Emerging growth company o
If an emerging growth company, indicate by check mark if the registrant has elected not to use the extended transition period for complying with any new or revised financial accounting standards provided pursuant to Section 13(a) of the Exchange Act. o
Item 8.01 Other Events.
Exhibits are filed herewith in connection with the issuance on May 19, 2017 by Caterpillar Financial Services Corporation (the “Company”) of $200,000,000 aggregate principal amount of its Medium-Term Notes, Series H, Floating Rate Notes due 2020 (the “Notes”) pursuant to the Company’s previously filed Registration Statement on Form S-3 (Registration No. 333-217029) (the “Registration Statement”) and the related Prospectus dated March 30, 2017, Prospectus Supplement dated May 8, 2017 and Pricing Supplement dated May 16, 2017, relating to the Notes.

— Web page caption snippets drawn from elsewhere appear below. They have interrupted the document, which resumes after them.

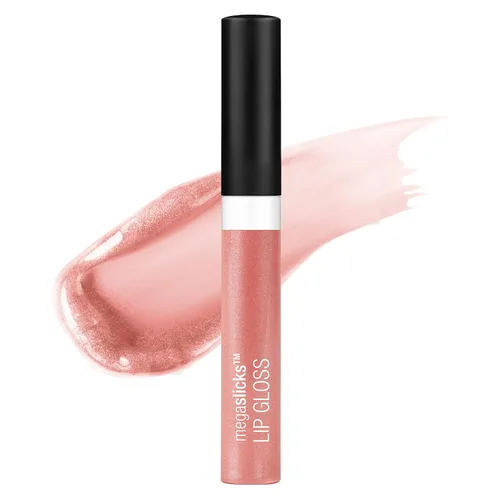 Miniatura 16 de Wet n Wild MegaSlicks Brillo labial, ultrabrillante, enriquecido con vitamina E, ultrabrillo de alto brillo hidratante, sin crueldad y vegano - My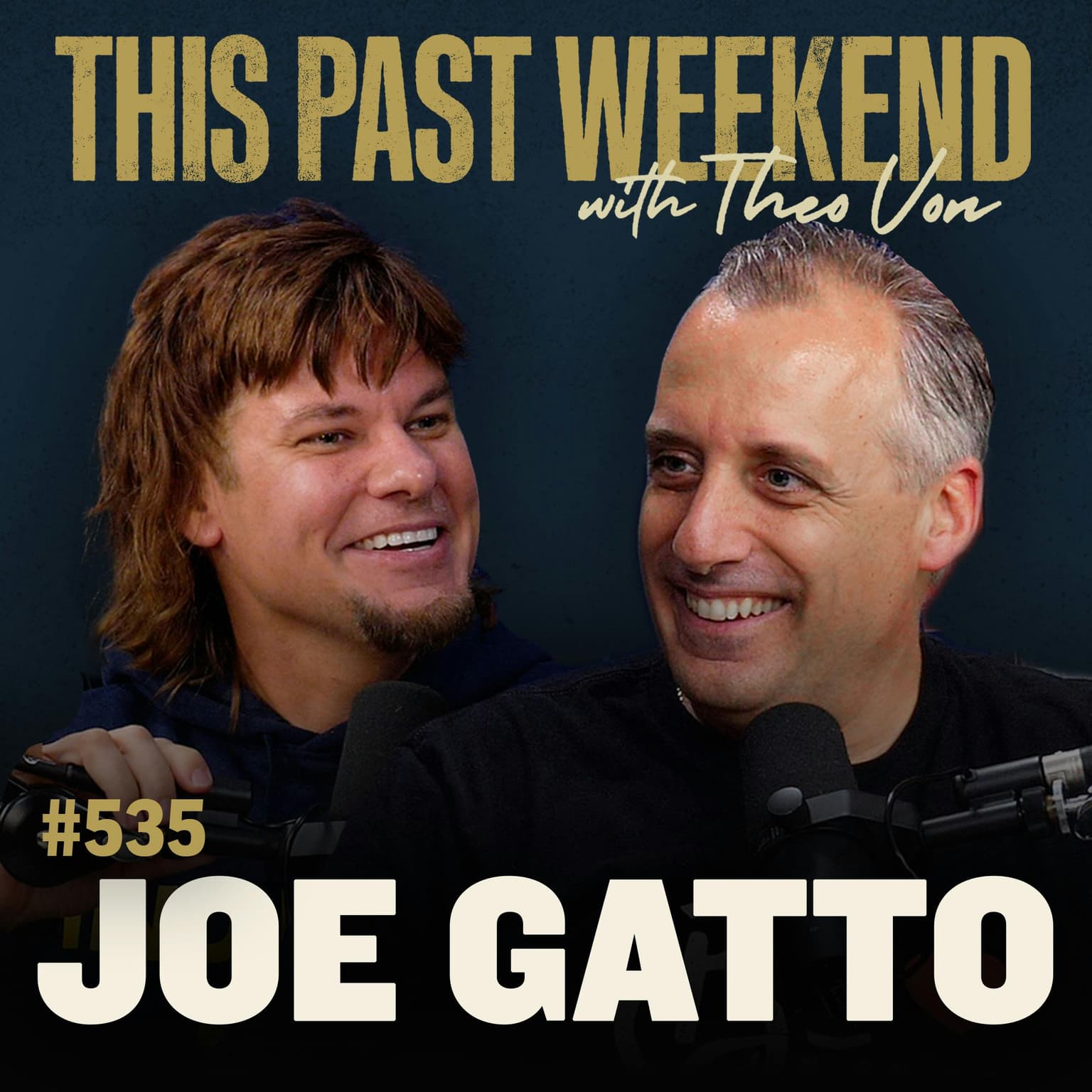 E535 Joe Gatto artwork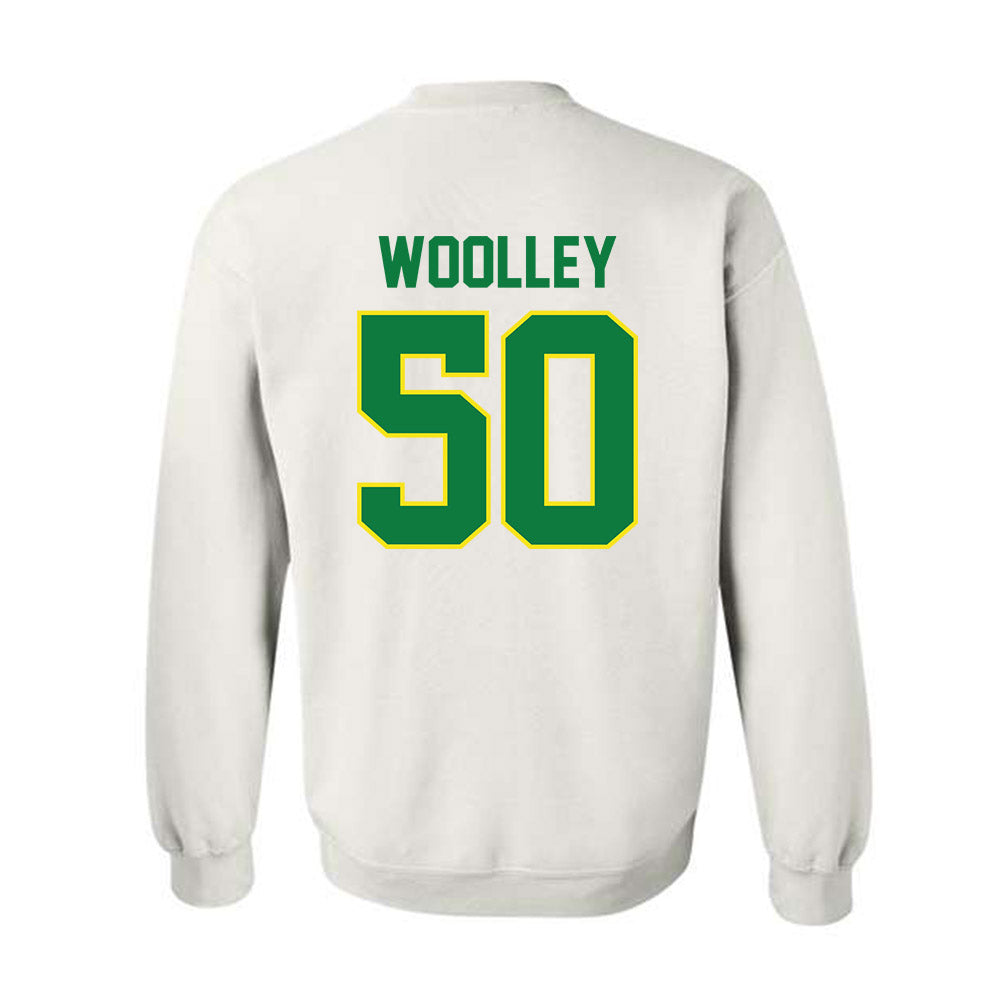Oregon - NCAA Acrobatics & Tumbling : Samantha Woolley - Classic Shersey Crewneck Sweatshirt-1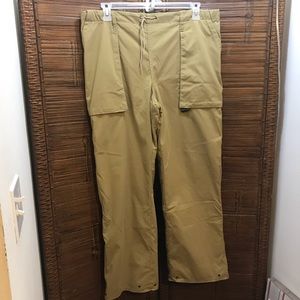 10X Goretex Mens Rain Pants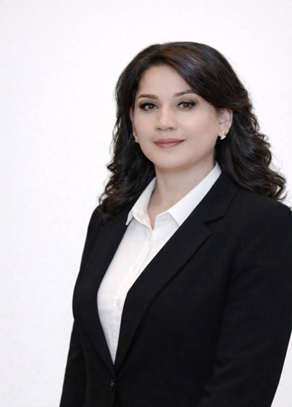 Haqnazarova Nilufar Kuranboyevna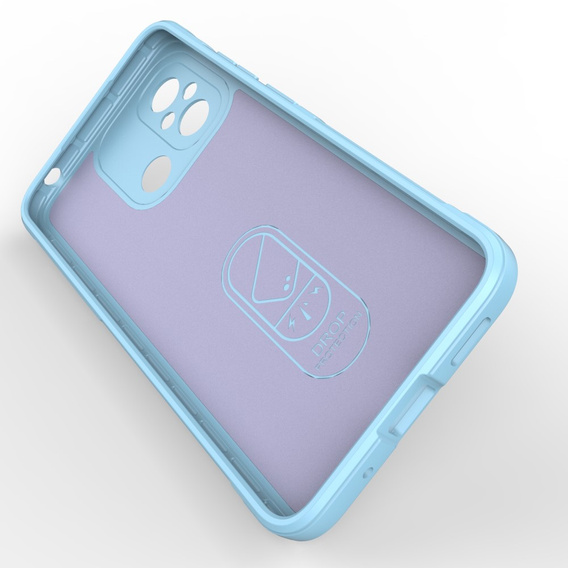 Case for Xiaomi Redmi 12C, Gaming Shockproof, blue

The Notes will constitute a further issuance of, and will be consolidated with, the $300,000,000 aggregate principal amount of Medium-Term Notes, Series H, Floating Rate Notes Due 2020 issued by the Company on January 12, 2017 and, upon completion of the offering of the Notes, the aggregate principal amount outstanding of Medium-Term Notes, Series H, Floating Rate Notes Due 2020 will be $500,000,000.
Item 9.01. Financial Statements and Exhibits.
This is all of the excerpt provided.